Newspapers and politicians don’t always get along. That’s the way it’s supposed to be. Doesn’t reflect poorly on either of them.

But there’s a reason that we newspaper people are sometimes viewed with the same distaste the public holds for members of Congress.

We can sometimes be perceived as arrogant, haughty and coldly calculating. And that’s what this column is about.

Maine, where Wife Nancy and I spend time, is an unusual place, politically. The southern coast is decidedly Democratic, resembling the state’s almost-neighbor, Massachusetts, to the south. The northern and eastern regions lean Republican.

That mix makes for an odd political combination: one of the state’s two U.S. senators is a Republican; the other, an independent. Both Congressmen are Democratic. The governor, Paul LePage, is a Republican.

And a loose cannon.

A plain-spoken, blunt guy who eschews political correctness, LePage has a tense relationship with the Press Herald in Portland, the state’s largest newspaper.

There’s nothing wrong with that. Happens all the time with governors and newspapers, just like in South Carolina.

The Press Herald, by the way, is owned by hedge fund billionaire Donald Sussman, who rescued it from the cliff of bankruptcy last year. He’s donated more than $12 million to Democratic and liberal causes and is married to Rep. Chellie Pingree, one of those two Democratic Congressional representatives I mentioned above.
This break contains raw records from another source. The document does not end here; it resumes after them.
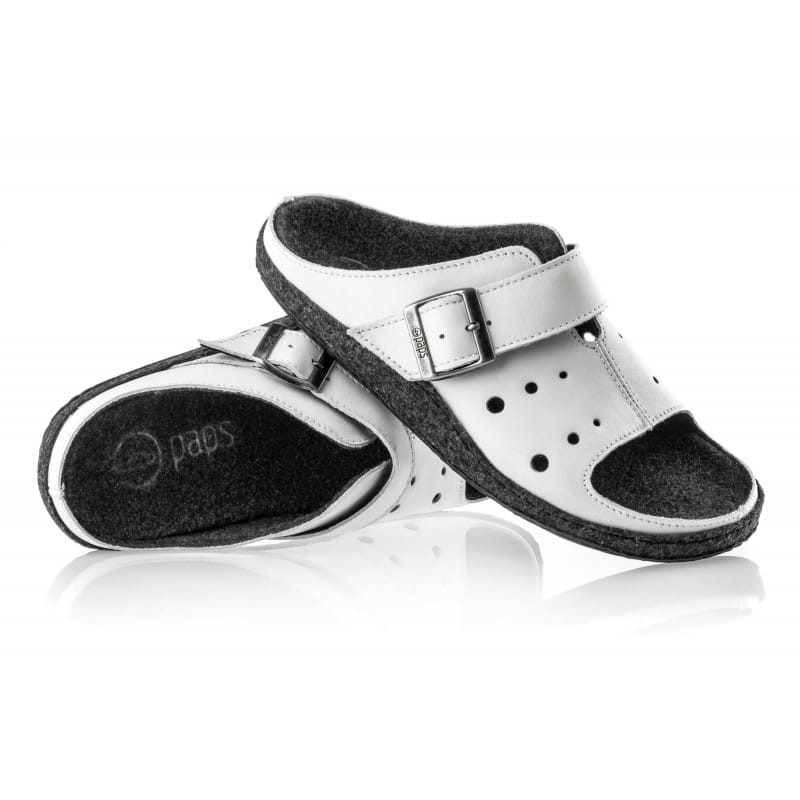 Paps męskie obuwie medyczne klapki do wkładek ortopedycznych np. Vasyli  Paps 1050-102 białe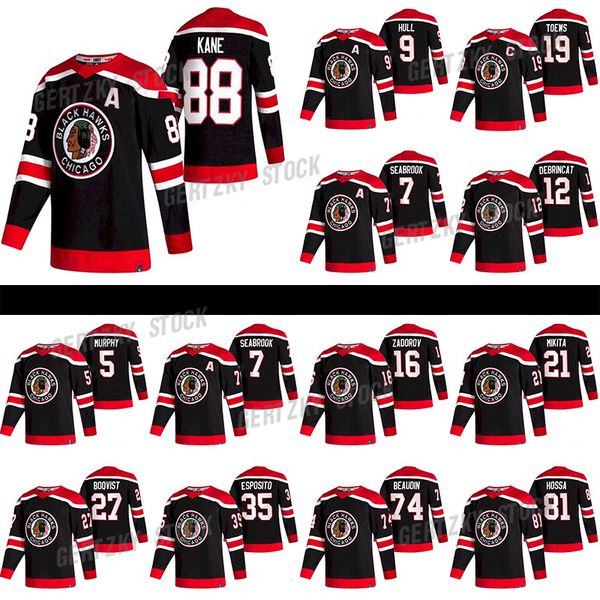 

chicago blackhawks jersey 2020-21 reverse retro 19 jonathan toews 88 patrick kane 00 clark griswold 12 alex debrincat 2 keith hockey jerseys, Black;red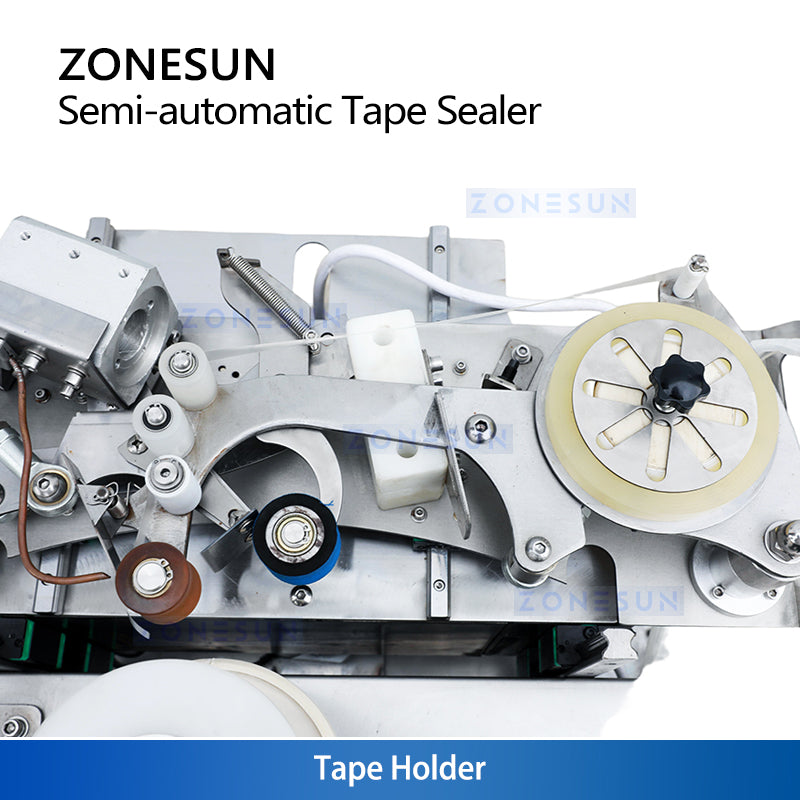 ZONESUN ZS-FH020 Semi-automatic Rotary Case Tape Sealing Machine for Biscuit Tins, Candy Containers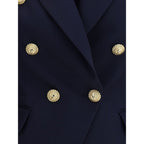 Balmain Blue Fleece Wool Blazer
The paper says his political activism on the left makes no difference in how it covers the news and makes editorial page pronouncements. I’ll leave it to you to ponder that.

On its editorial page, the Press Herald has consistently hammered LePage and his policies, and the governor, who can be prickly -- even belligerent at times -- has threatened at times to stop talking to the paper’s reporters, a threat he’s never carried out.

Hey, it’s just typical give and take in the world of newspapering.

Recently, while participating in a fighter jet simulation at defense contractor Pratt & Whitney’s plant in North Berwick, Maine, LePage was asked what he’d like to do.

“I want to find the Portland Press Herald building and blow it up,” he remarked.

Loose cannon, like I said. But obviously a remark made in jest.

It would have been a great opportunity for the paper’s publisher to demonstrate a sense of humor, to come back with some sort of “we’re-headed-for-the-bomb-shelter” or “we’re-manning-our-anti-aircraft guns” remark, and everybody could have had a good laugh before getting back to the serious business of newspapering.

Instead, publisher Lisa DeSisto whined that LePage has a “misguided sense of humor.”

Said she: “That kind of joke is irresponsible in this day and age, especially when it comes from the leader of our state.”

Gimme a break.

Did she really believe LePage was going to recruit fighter jock Tom Cruise and his top guns and dive-bomb the paper?

Of course not.

Her remark was pious and arrogant, just like those little editors’ notes that some papers’ bigwigs insist on inserting whenever a letter writer disagrees with a position they’ve taken.

DeSisto’s implication: “Here at the Press Herald, we take ourselves seriously -- very seriously -- and so should everyone else. A governor should never, ever make jokes at our expense.”

I don’t doubt that she’s a nice person. She might even have thought her remark was cute, that readers were going to say, “Gosh, she’s right. What a terrible thing the governor said.”

Instead, most of them probably breathed hard and sighed, “Get over it.”

That’s what she should do. Just as all good newspaper publishers would.